Hoopla provides public libraries of all sizes the ability to offer patrons an enormous selection of digital video (movies and TV shows), music, audiobooks, ebooks and comics to their patrons. For these libraries, they’ve pioneered a unique model that allows patrons to borrow content immediately, removing artificial availability constraints and maximizing the power of digital content and Internet distribution.
*REQUIRES A LIBRARY CARD
Borrow and read e-books and audiobooks from your local library. You’ll have offline access to your borrowed books, be able to read across devices so you don’t lose your place, and even have the ability to send the book to your kindle.
*REQUIRES A LIBRARY CARD
While not as extensive as the other options, it is still a great place to get your audiobooks. Educators, librarians, booksellers, media/reviewers, and influencers can join our Audiobook Listening Copy (ALC) program for complimentary audiobooks. You’ll get a mix of new and upcoming audiobook releases each month.
We attend a few conventions each year and run around to the many booths to get our grubby little hands on advanced copies. When you get a physical ARC, they have information for who to contact with a review and when to post it on the back cover. Which brings us to the next way to get an ARC.
Contact the Publisher/Agent
As you review more you will make contacts with publishers, agents, and authors. You can reach out to them to request specific copies of books. I personally request from Sourcebooks, HarperCollins, Penguin Random House, Macmillan, St. Martins, and the New Leaf Literary Agency. I have made these contacts at conventions as well as from blogging.
Some authors also have a PR contact listed on their website for contacting them about advanced copies and interviews.
When you are granted an ARC, you are obligated to review it in a timely manner. Keep that in mind when you are logging in a plethora of requests for books.

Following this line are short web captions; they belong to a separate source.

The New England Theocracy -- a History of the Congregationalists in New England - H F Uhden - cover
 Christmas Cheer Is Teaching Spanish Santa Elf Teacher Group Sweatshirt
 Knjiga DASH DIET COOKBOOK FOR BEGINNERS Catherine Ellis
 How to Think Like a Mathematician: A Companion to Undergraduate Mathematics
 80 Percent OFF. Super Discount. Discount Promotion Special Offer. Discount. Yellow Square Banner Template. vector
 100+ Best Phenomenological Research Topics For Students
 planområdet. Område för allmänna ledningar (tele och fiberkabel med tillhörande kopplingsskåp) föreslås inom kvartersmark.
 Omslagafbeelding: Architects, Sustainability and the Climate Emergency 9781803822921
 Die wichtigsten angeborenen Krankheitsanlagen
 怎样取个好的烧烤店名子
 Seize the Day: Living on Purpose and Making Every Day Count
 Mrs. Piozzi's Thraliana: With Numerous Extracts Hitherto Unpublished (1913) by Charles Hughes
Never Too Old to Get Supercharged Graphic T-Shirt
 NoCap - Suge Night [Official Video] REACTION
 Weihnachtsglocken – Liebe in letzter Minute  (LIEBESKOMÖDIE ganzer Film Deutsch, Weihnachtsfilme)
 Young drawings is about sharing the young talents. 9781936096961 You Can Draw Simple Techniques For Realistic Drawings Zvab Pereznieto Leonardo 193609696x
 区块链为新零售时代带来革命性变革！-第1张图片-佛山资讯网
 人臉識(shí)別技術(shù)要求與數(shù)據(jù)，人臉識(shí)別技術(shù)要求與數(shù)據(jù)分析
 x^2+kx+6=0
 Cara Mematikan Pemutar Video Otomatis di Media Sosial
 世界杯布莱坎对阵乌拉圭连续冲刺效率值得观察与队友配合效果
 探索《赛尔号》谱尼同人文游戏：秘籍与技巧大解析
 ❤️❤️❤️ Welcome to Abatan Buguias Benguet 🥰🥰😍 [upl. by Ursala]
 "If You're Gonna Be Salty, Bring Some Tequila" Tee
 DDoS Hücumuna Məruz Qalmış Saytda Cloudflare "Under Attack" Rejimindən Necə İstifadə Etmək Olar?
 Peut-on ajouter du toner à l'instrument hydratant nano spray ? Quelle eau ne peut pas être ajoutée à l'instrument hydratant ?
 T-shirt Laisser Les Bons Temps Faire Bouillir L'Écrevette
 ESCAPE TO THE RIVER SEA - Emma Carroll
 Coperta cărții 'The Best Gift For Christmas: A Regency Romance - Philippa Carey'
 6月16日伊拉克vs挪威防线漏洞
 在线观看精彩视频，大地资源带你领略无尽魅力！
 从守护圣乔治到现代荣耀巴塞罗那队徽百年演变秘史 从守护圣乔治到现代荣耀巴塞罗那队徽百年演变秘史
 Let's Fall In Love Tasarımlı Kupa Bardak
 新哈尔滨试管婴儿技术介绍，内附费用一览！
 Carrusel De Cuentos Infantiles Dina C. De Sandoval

NetGalley uses a feedback rating for its reviewers. If you don’t provide feedback, you rating goes down, as does your chance for approval from publishers.
I recommend a few things when you start requesting:
- If you know you don’t like a certain genre, don’t request it. There’s no need to write a bad review when you know up front you won’t enjoy the book.
- Check the publication date. Give yourself an appropriate amount of time to read and review that book.
- Read the synopsis and check to make sure you are not requesting the second or third book in a series. Save yourself the headache and check it up front.
- Both NetGalley and Edelweiss offer a way for you to filter your search results. Use them. As I only read YA & MG, I don’t need to see cookbooks and autobiographies.
- Do. Not. Request. More. Than. You. Can. Read.
- When you are approved, make a note somewhere for the book’s publication date to remind you to paste your review into NetGalley/Edelweiss before the book is archived.
- Make an adobe digital editions account. Many books are sent through this program, especially graphic novels, and even though you can read the file with a different program, you will need to have the ADE account to remove the DRM.
Listen to the Guidelines
When you are approved for a title, you will receive an email. Sometimes, the email details when you may publish your review, a media kit, and sometimes even a chance to get in on the author’s blog tour. ALWAYS. READ. THIS. EMAIL. It is not just telling you that you can read this book.